Toyco Hasbro is poised to reach beyond toys and games with the formation of Hasbro Properties Group Worldwide, a new unit that launched last month with a mandate to leverage the company’s brands and intellectual properties into new entertainment mediums and platforms.
‘In the last year or so, we’ve been looking at ways to grow the corporation, and one of the solutions we agreed upon was for the company to increase its emphasis on leisure-time entertainment,’ says Willa Perlman, GM and section head of Hasbro Properties Group.
Under the HPG moniker, there are four departments responsible for developing Hasbro properties and brands into a specific entertainment product category or sector: TV, video, film and location-based entertainment such as theme park shows and live theater are overseen by Hasbro Entertainment Media Group; publishing goes to Hasbro Publishing Group; and licensing is now helmed by 3D Licensing Group, which previously managed international licensing of Hasbro brands. 3D will also subsume the division that used to handle the domestic licensing of Hasbro brands.

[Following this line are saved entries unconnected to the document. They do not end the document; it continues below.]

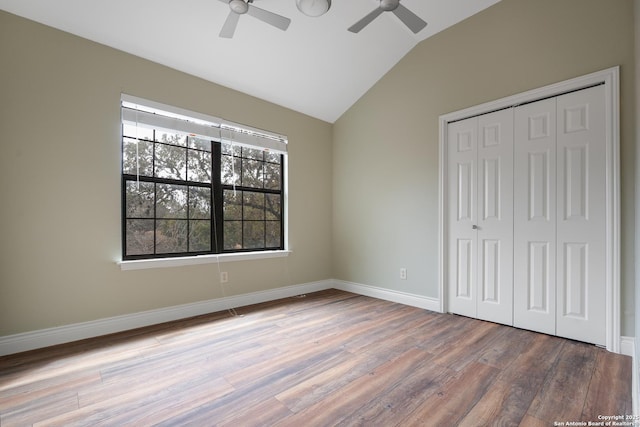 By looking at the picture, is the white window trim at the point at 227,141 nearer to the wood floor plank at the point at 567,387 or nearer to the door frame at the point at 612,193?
the wood floor plank at the point at 567,387

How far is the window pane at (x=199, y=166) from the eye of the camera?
3354 millimetres

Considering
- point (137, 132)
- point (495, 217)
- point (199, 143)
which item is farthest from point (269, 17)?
point (495, 217)

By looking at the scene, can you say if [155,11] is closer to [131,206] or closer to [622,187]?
[131,206]

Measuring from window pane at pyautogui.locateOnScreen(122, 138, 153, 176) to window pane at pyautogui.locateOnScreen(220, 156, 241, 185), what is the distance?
2.53ft

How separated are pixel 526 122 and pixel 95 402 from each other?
3.99 metres

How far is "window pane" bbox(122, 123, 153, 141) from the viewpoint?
9.61ft

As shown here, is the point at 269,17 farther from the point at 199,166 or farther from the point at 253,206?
the point at 253,206

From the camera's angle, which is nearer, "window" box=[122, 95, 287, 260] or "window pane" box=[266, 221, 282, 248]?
"window" box=[122, 95, 287, 260]

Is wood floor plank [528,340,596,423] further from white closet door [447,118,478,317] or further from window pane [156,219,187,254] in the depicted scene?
window pane [156,219,187,254]

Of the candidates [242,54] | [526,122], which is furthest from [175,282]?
[526,122]

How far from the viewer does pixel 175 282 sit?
316cm

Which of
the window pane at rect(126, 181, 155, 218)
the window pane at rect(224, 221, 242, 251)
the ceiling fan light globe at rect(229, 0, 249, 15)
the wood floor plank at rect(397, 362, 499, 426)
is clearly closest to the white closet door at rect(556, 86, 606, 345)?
the wood floor plank at rect(397, 362, 499, 426)

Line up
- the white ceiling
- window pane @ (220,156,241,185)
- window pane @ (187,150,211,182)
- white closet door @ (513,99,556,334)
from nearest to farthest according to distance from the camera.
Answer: the white ceiling < white closet door @ (513,99,556,334) < window pane @ (187,150,211,182) < window pane @ (220,156,241,185)

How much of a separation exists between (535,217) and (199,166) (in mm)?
3503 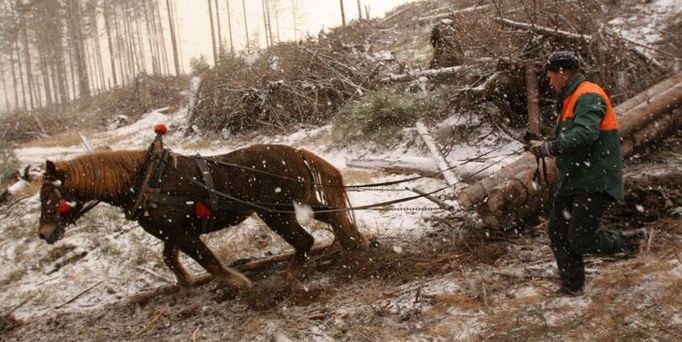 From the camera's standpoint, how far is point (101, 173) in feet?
13.8

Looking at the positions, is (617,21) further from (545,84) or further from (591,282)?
(591,282)

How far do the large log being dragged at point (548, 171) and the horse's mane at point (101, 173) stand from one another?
326 cm

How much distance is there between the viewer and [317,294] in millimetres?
4379

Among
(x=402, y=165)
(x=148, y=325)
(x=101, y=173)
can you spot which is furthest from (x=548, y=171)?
(x=101, y=173)

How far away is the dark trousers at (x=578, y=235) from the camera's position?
325 centimetres

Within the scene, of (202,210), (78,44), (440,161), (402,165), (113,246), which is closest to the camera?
(202,210)

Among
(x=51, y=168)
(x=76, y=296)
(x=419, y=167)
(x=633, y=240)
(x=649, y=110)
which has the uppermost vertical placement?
(x=51, y=168)

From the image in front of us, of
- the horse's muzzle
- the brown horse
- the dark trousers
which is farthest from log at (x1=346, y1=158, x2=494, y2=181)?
the horse's muzzle

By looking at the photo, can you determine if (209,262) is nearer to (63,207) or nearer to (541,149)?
(63,207)

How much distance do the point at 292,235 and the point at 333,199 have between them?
1.96 feet

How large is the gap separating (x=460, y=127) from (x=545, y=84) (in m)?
1.55

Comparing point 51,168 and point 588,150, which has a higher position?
point 51,168

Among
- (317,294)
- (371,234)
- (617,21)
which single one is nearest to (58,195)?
(317,294)

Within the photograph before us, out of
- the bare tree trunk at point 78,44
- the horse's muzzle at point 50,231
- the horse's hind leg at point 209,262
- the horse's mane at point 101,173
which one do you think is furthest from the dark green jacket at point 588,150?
the bare tree trunk at point 78,44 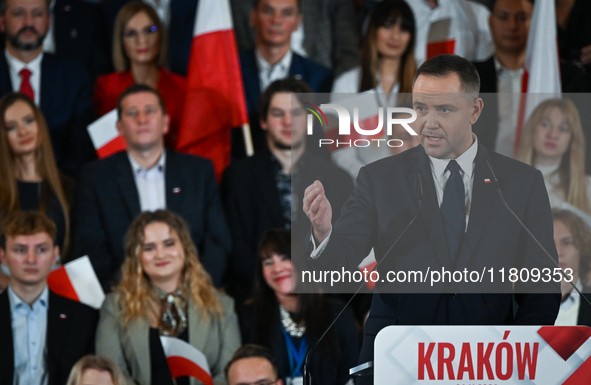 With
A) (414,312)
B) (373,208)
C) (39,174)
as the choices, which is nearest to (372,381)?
(414,312)

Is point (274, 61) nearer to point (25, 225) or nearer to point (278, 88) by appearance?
point (278, 88)

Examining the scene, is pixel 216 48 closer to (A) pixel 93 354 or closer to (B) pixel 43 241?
(B) pixel 43 241

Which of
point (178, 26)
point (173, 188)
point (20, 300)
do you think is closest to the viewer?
point (20, 300)

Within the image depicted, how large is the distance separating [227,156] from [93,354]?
1.29 m

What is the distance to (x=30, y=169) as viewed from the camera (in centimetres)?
361

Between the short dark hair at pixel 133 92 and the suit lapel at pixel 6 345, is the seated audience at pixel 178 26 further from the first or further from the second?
the suit lapel at pixel 6 345

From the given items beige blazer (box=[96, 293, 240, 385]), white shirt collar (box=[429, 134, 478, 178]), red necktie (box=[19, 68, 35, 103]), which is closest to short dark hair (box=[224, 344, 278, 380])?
beige blazer (box=[96, 293, 240, 385])

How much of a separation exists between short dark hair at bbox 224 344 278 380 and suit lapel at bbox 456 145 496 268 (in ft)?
4.38

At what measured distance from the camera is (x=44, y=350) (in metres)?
3.29

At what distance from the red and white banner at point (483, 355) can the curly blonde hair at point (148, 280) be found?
1576 millimetres

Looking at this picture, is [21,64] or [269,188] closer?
[269,188]

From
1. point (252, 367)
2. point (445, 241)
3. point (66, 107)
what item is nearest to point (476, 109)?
point (445, 241)

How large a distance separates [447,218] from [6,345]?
2192mm

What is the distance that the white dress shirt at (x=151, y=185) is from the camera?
3625 millimetres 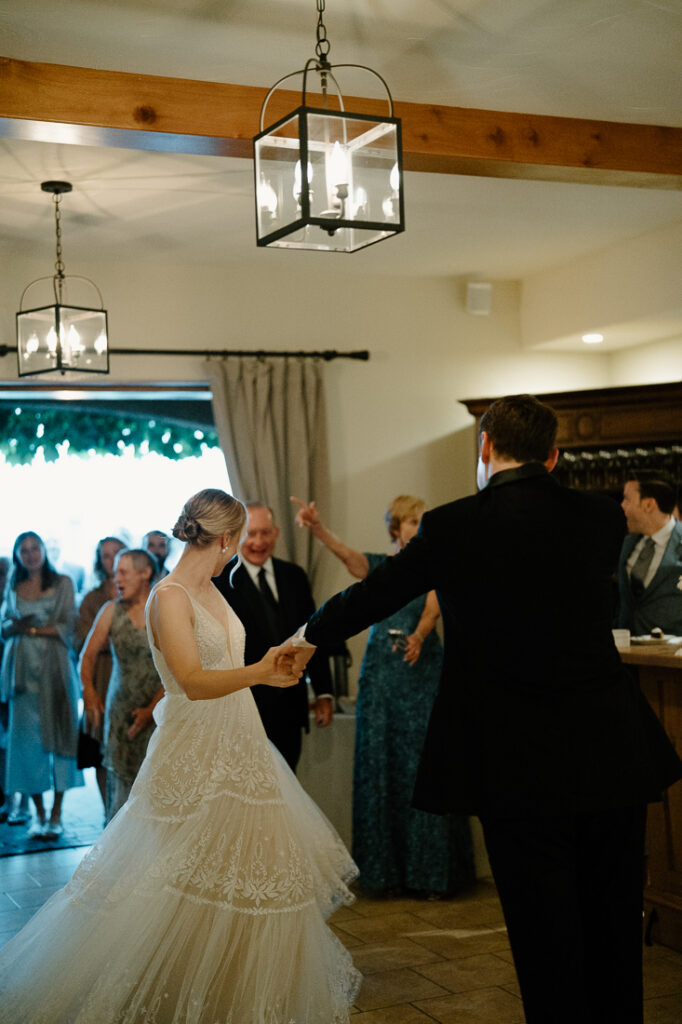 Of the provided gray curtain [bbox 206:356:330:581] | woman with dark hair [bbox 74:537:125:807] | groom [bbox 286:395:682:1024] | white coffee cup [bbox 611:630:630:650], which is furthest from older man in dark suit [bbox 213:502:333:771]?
groom [bbox 286:395:682:1024]

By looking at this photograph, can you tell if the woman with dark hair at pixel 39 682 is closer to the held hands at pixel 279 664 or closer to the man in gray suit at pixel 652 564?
the man in gray suit at pixel 652 564

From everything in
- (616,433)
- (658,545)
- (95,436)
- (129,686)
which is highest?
(95,436)

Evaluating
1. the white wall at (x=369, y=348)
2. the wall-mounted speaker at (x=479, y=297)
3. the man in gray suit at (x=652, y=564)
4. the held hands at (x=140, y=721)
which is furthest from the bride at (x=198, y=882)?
the wall-mounted speaker at (x=479, y=297)

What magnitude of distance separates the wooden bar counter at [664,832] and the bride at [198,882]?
140 cm

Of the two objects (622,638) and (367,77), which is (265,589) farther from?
(367,77)

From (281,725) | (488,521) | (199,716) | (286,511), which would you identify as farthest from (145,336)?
(488,521)

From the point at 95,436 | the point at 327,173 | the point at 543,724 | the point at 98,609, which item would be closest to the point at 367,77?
the point at 327,173

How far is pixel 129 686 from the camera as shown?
4.45m

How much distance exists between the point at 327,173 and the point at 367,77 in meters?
1.45

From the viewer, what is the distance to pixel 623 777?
2270mm

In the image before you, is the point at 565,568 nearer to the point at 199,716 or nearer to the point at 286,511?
the point at 199,716

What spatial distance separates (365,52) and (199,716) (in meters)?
2.21

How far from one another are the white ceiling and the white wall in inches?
20.6

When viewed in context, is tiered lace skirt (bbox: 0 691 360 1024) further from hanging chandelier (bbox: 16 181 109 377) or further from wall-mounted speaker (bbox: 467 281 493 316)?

At the top of HPG’s flow chart is Fantasy Factory, a department comprised of creative producers, art directors and writers who, says Perlman, will ‘evaluate the core essence of our brands with the goal of creating a kind of intellectual property bible that will allow us to exploit the characters into different entertainment formats.’ Additionally, FF is charged with the task of creating new properties. Once Fantasy Factory has completed its evaluation, each property is then handed over to the other divisions, which will seek partners to develop various entertainment products around them. The process will serve to unify aspects of the company’s business that it had heretofore conducted on an ad-
hoc basis across a number of departments. ‘In the past, we would pursue these activities more as an extension of our desire to secure promotions for our toys and games, rather than looking at the intellectual property as the mechanism that drives the wheel of revenue opportunity,’ says Perlman.

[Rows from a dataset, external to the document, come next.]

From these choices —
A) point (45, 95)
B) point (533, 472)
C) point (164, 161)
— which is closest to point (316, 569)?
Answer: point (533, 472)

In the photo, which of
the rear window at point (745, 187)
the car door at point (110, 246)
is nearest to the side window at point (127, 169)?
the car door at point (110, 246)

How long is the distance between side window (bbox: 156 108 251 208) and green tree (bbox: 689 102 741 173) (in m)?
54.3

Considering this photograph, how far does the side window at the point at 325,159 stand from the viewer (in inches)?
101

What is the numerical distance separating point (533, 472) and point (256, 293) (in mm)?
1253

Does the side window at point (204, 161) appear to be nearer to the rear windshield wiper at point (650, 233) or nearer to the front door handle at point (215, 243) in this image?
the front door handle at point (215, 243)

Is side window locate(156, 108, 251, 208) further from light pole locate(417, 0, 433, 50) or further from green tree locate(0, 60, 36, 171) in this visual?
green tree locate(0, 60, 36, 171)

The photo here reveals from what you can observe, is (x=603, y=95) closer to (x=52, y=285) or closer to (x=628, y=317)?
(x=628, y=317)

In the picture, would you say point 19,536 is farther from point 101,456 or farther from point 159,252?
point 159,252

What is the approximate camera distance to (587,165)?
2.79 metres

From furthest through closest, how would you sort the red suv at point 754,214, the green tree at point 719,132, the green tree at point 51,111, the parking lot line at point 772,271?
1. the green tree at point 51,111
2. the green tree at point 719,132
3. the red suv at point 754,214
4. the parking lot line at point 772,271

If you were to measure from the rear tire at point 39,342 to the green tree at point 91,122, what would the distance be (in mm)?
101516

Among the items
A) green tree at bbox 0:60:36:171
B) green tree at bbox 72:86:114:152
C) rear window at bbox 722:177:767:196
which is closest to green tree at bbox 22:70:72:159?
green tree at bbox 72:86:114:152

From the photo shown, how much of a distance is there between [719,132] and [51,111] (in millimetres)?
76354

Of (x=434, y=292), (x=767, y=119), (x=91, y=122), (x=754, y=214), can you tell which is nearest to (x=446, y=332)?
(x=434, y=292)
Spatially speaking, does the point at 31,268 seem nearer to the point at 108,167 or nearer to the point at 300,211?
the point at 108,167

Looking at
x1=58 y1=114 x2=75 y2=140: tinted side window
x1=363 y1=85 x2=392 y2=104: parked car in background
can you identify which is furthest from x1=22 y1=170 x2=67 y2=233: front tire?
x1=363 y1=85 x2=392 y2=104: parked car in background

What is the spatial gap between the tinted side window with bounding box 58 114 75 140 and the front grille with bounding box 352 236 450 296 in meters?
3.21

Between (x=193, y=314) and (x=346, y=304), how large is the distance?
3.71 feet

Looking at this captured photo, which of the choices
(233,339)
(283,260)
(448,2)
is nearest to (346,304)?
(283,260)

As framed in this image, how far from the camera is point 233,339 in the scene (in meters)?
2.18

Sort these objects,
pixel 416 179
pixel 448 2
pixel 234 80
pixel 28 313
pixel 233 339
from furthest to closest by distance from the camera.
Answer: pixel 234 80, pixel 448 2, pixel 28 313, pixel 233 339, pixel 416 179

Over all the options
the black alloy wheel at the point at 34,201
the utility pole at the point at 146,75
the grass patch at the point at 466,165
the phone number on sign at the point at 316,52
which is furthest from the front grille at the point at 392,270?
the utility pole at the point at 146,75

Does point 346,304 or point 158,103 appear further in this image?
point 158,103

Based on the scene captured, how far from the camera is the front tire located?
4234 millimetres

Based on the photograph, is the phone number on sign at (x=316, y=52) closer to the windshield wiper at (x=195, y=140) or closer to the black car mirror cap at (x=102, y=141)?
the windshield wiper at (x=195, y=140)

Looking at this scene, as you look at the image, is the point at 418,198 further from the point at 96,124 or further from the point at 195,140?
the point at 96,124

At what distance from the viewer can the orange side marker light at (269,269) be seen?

Right now, HP has 12 properties up for consideration, including the development of a TV show and book line based on the Action Man franchise, a boys toy line that’s currently available in Europe and Australia and slated to hit TV screens in the U.S. sometime in Q4 2000, a TV show based on the early `80s Atari game title Centipede, as well as book lines based on Furby, Tonka and the Playskool brand.
The first property to go through the Hasbro Properties pipeline was its toy franchise Beast Machines, which yielded a TV show of the same name that began airing on the Fox Family Channel in September. Hasbro co-financed the first 26 eps with co-producer Mainframe Entertainment. In most instances, says Perlman, where Hasbro is moving its properties into a new medium, it will be looking to strike similar partnerships whether in the publishing, TV or film business.’There’s no hard and fast rules on this. But we’re not looking to get into the TV production business, per se. The driving force for me, [in taking our brands into new mediums], is in trying to retain as much control over our intellectual properties as is possible,’she says. Perlman can add to those properties trading card game Magic: The Gathering, which Hasbro acquired last month as part of its purchase of Seattle toyco Wizards of the Coast for US$325 million.